** Excerpted data **
== == ==
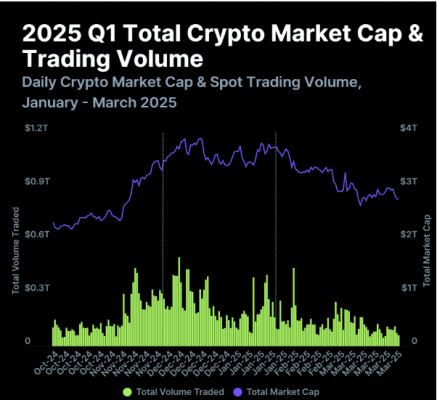Total crypto market cap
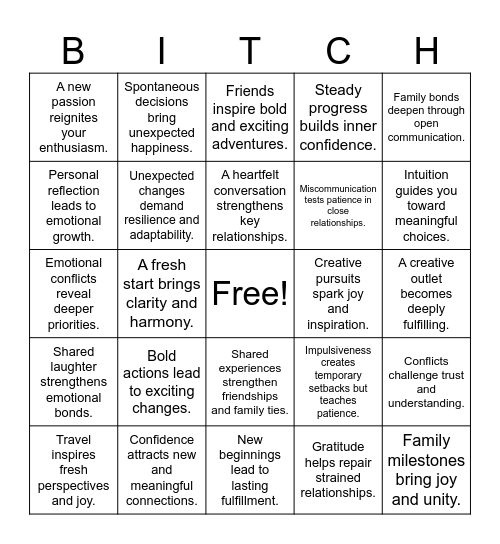 Aries ♈️ | Leo ♌️ | Capricorn ♑️ Bingo Card
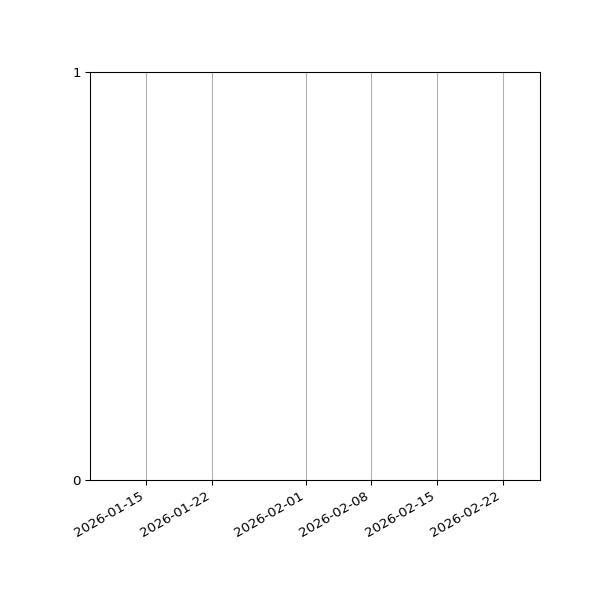 Graph of Files failing schema validation against time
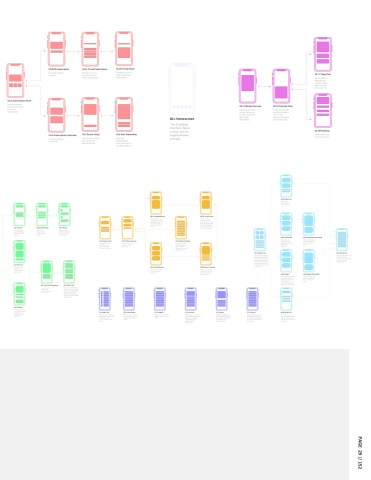 180406_Process Document_NoCover 29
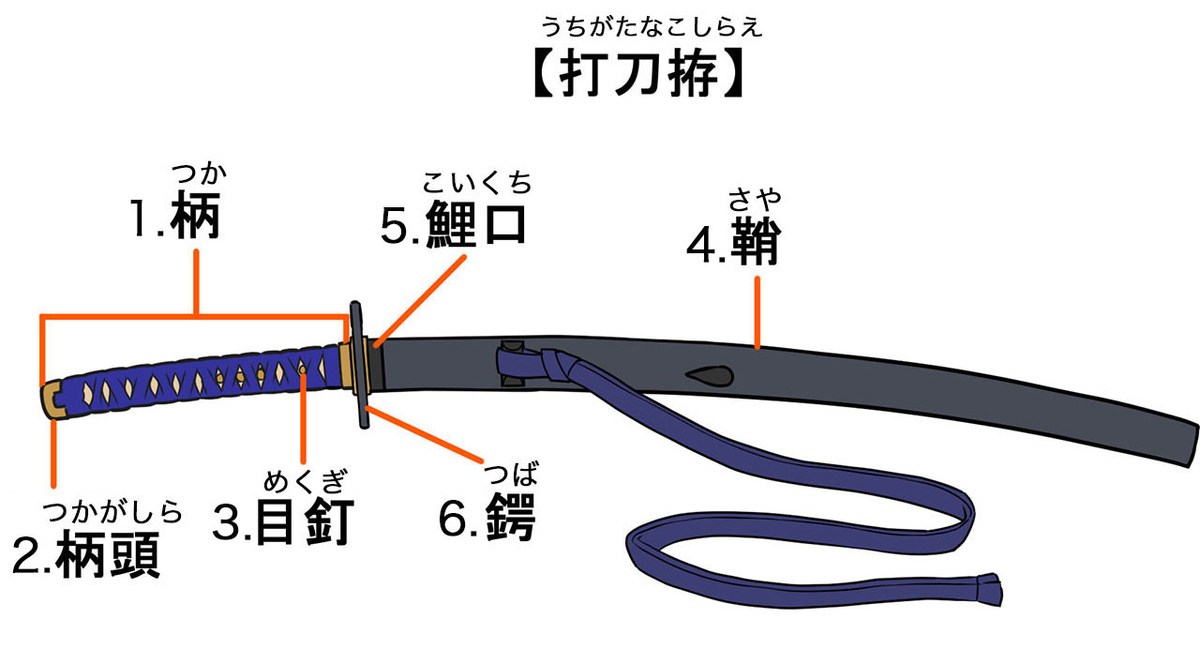 保存版 使ってみたい侍言葉一覧 武士語まとめ 日常にツベルクリン注射を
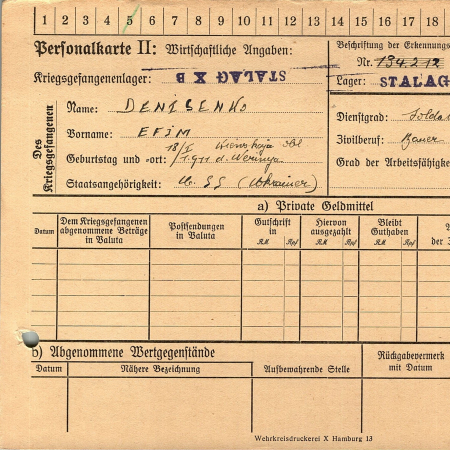 Денисенко Ефим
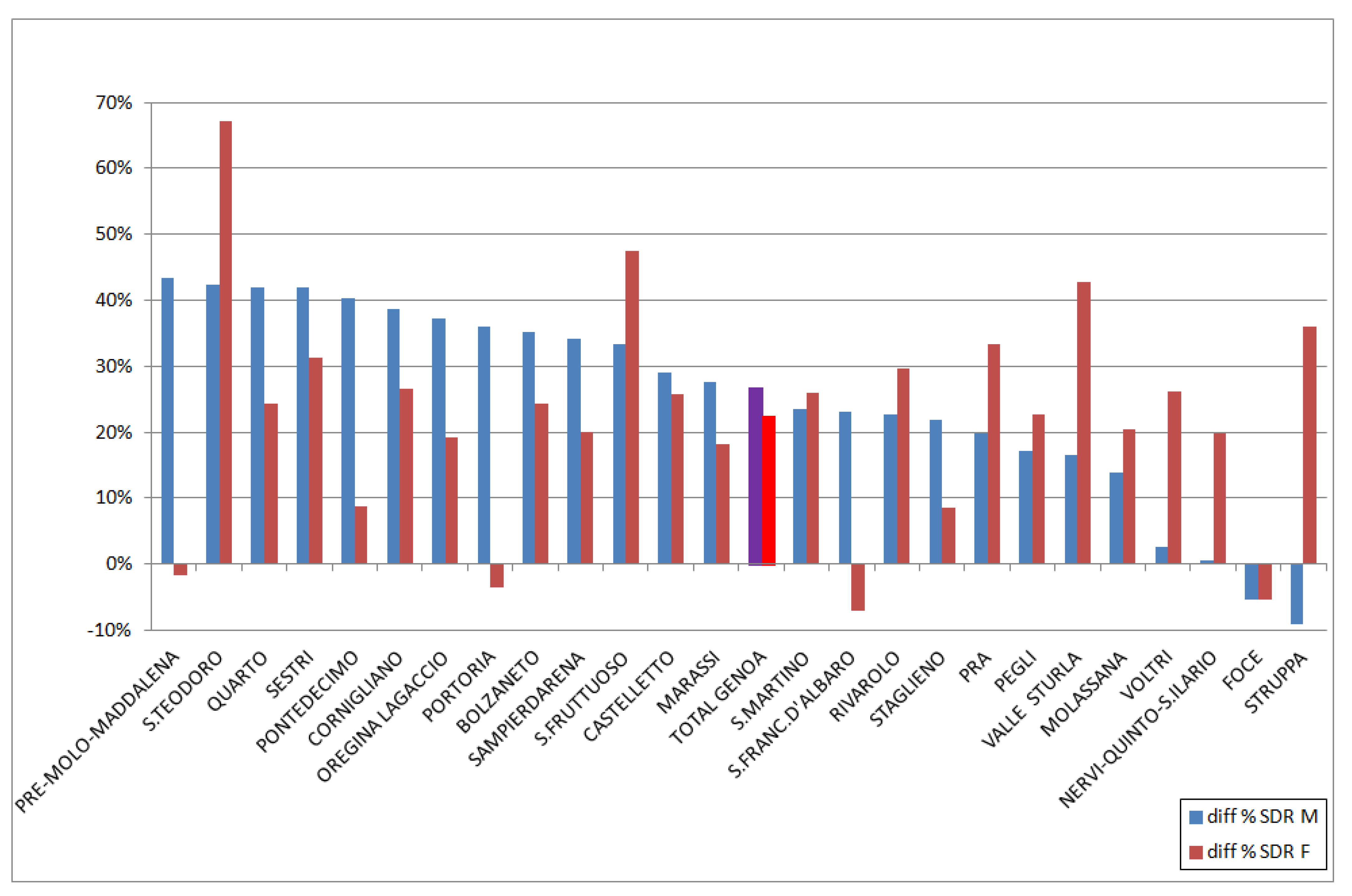 Ijerph 18 08250 g005 550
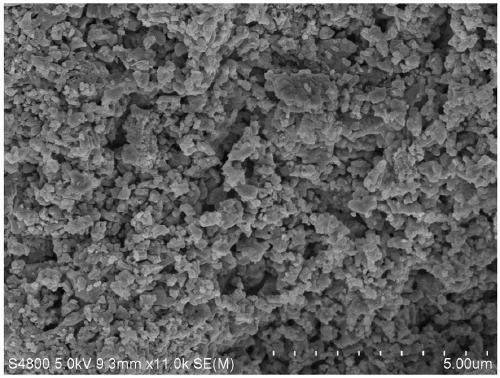Titanium tantalate-based photocatalyst doped with niobium and vanadium as well as preparation method and application of titanium tantalate-based photocatalyst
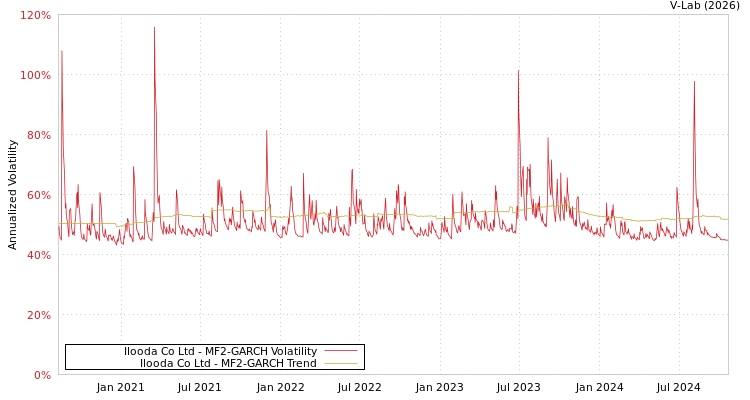 graph of Ilooda Co Ltd MF2-GARCH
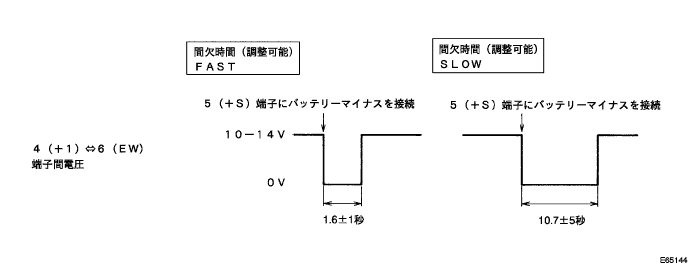 E065144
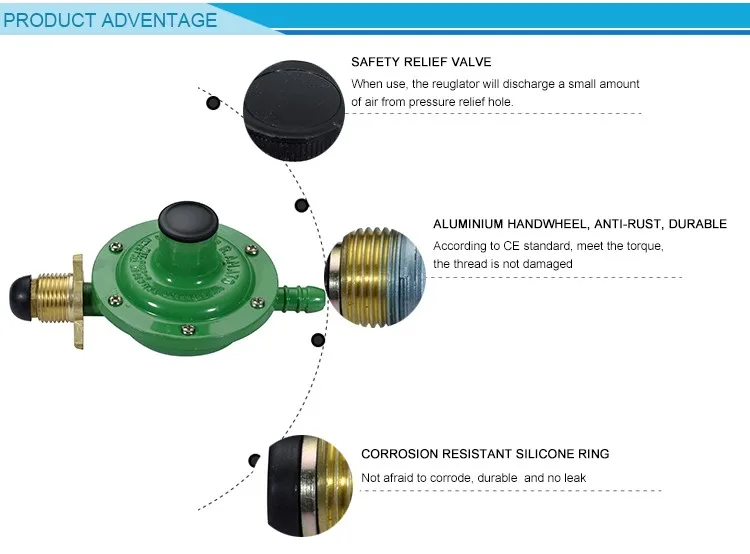 Economical Custom Design Regulator Common Gas Buy Regulator Common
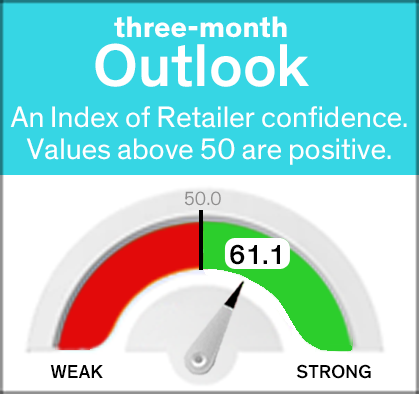 july 3 month gauge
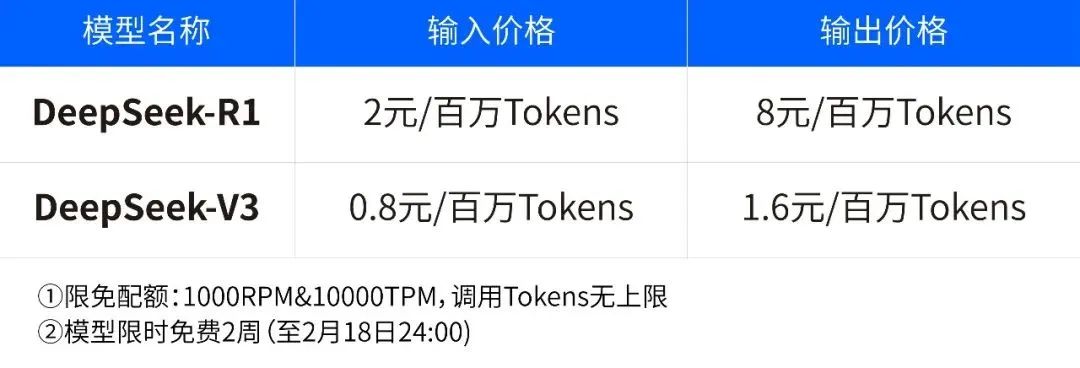 开源与自研较量,阿里云们的DeepSeek赌局
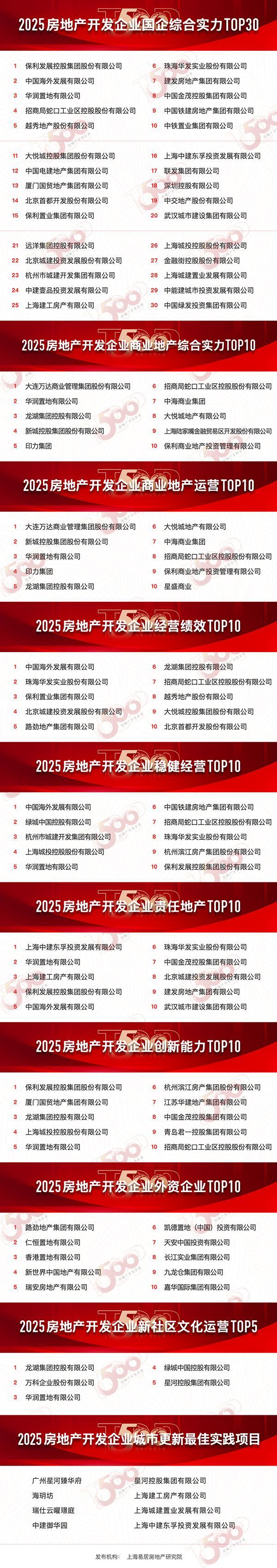 北岸681(售楼处发布)2025网站-北岸681售楼处-上海房天下(图8)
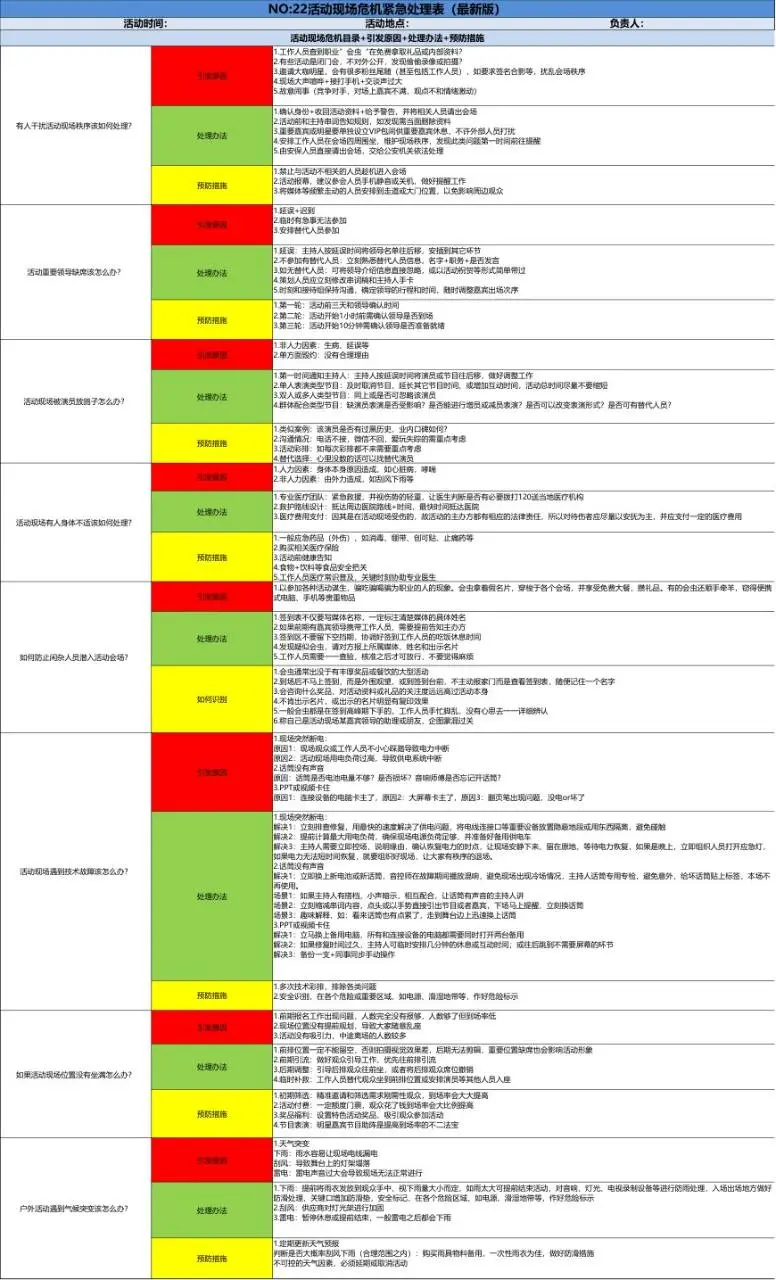 22张活动筹备执行实操Excel表格模板 活动全流程管理实用工具 - 第20页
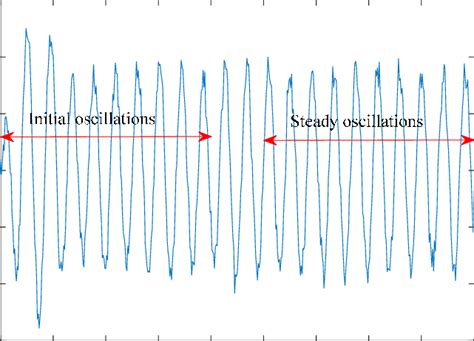 Typical natural oscillations waveform. | Download ...
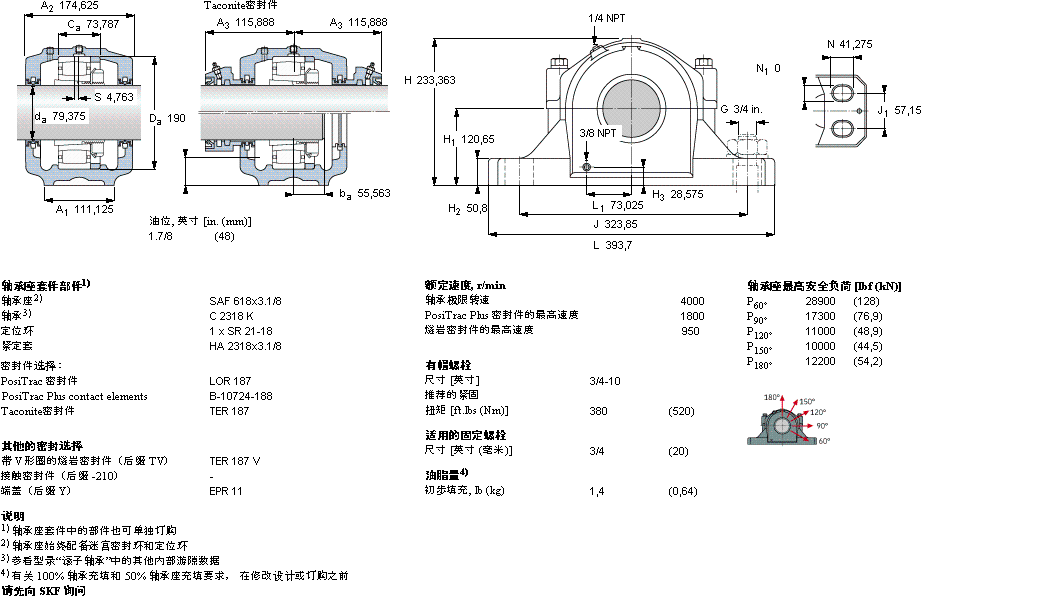 SKF 剖分立式轴承座, SAF 系列 - 装在紧定套上的 CARB 轴承SAFC2618x3.1/8样本图片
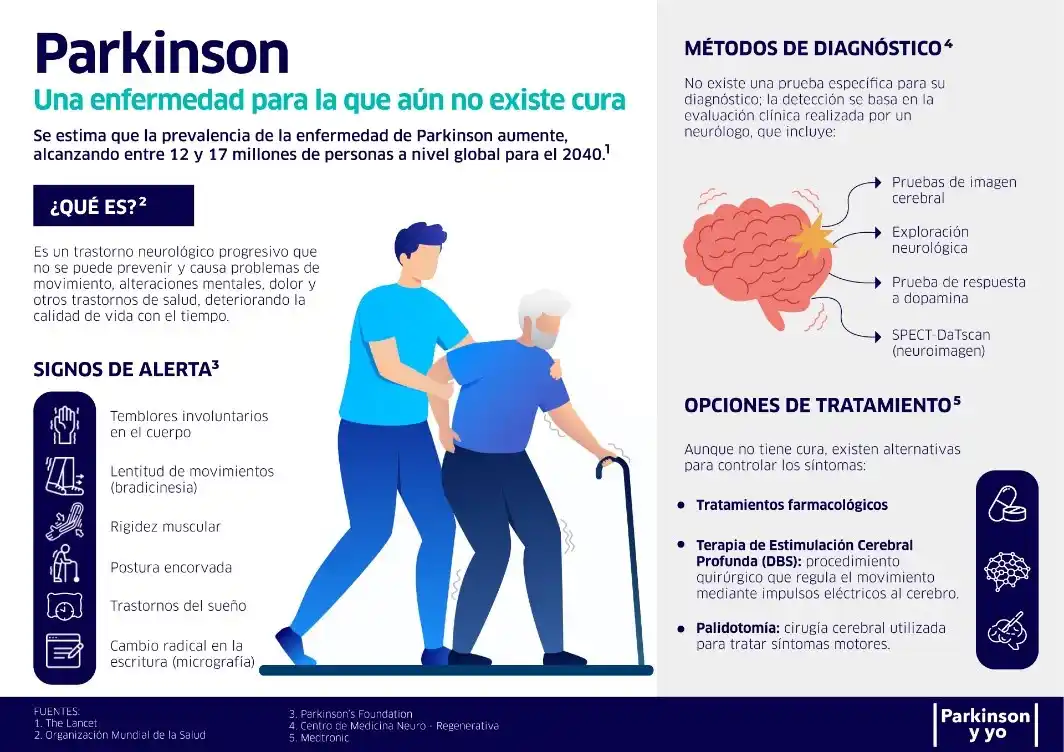 Más de 10 millones de personas en el mundo viven con Parkinson: una enfermedad en aumento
== == ==
** Task brief **
In the entries above, every line from the line with "北岸681(售楼处发布)2025网站-北岸681售楼处-上海房天下(图8)" to the line with "SKF 剖分立式轴承座, SAF" is to be printed exactly, with both ends included and pictures excluded.

** Task output **
 北岸681(售楼处发布)2025网站-北岸681售楼处-上海房天下(图8)
 22张活动筹备执行实操Excel表格模板 活动全流程管理实用工具 - 第20页
 Typical natural oscillations waveform. | Download ...
 SKF 剖分立式轴承座, SAF 系列 - 装在紧定套上的 CARB 轴承SAFC2618x3.1/8样本图片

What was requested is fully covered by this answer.